Union owes overpayment of wages

But no breach of contract

A basic principle of law holds that there is no right without a remedy. This is a short way of saying that a right remains only theoretical, and therefore not of much practical value, if there is no way of enforcing it.

Oddly, in a recent labour dispute, a panel of British Columbia’s labour relations board did not agree with this proposition, at least when it came to the employer’s rights.

In order to bid on a non-union job, PCL Constructors Pacific made a special agreement with its unionized employees: so that PCL could land the job, the union agreed to waive certain provisions of its collective agreement.

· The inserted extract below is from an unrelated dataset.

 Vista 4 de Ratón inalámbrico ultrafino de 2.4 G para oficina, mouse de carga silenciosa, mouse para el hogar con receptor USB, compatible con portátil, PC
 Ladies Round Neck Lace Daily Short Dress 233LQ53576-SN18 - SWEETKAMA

When PCL won the job, the union dispatched the employees at a rate higher than PCL believed had been negotiated in the special agreement. But in order to proceed with the job smoothly, it paid the workers the higher rate under protest.

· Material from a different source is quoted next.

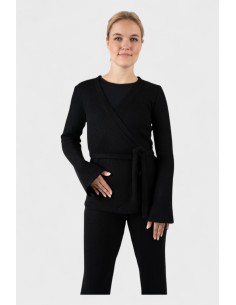 2532PA2912-900 Warm up wrapped vest flared, knitted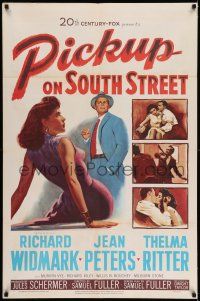 7t659 PICKUP ON SOUTH STREET 1sh '53 Richard Widmark & Jean Peters in Samuel Fuller noir classic!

It then sought arbitration, and the arbitrator ruled that the collective agreement applied: PCL owed only the lower rates to its employees on the job. However, the arbitrator refused to order the union to reimburse PCL, finding that the wages were paid directly to the employees and that the union did not breach the collective agreement or otherwise act wrongly.

On review, the labour relations board found that this was an overly-strict legal approach and that the arbitrator could have ordered the union to reimburse the overpayment to PCL.

Then, on the union’s application, another panel reconsidered the matter. This “reconsideration panel” held that the arbitrator was entitled to order a monetary remedy only where there was a breach of the collective agreement. In this case, it said, there was no breach, so that no remedy was available to PCL.

PCL then sought court review of the reconsideration panel’s decision. (Obviously, there is a law of diminishing returns in so much wrangling: Not only can it create bad feelings, but you can end up paying more in legal fees and unproductive time than you win in reimbursement of the claim.)

It argued that the first review panel was correct in ordering that reimbursement was payable.

The court partly agreed, and sent the case back to the reconsideration panel. It held that the province’s Labour Relations Code provided the board authority to grant a monetary award even where there was no breach of the collective agreement.

To conclude otherwise, the court noted, would leave the parties without a remedy where the dispute was governed by the Labour Relations Act.

That is, there would be a right without a remedy, even if that same right had a remedy for other parties who were not governed by the province’s labour legislation.

For more information:

PCL Constructors Pacific Inc. v. I.U.O.E., Loc. 115, 2000 BCSC 968, Vancouver registry no. A993344, June 22/00.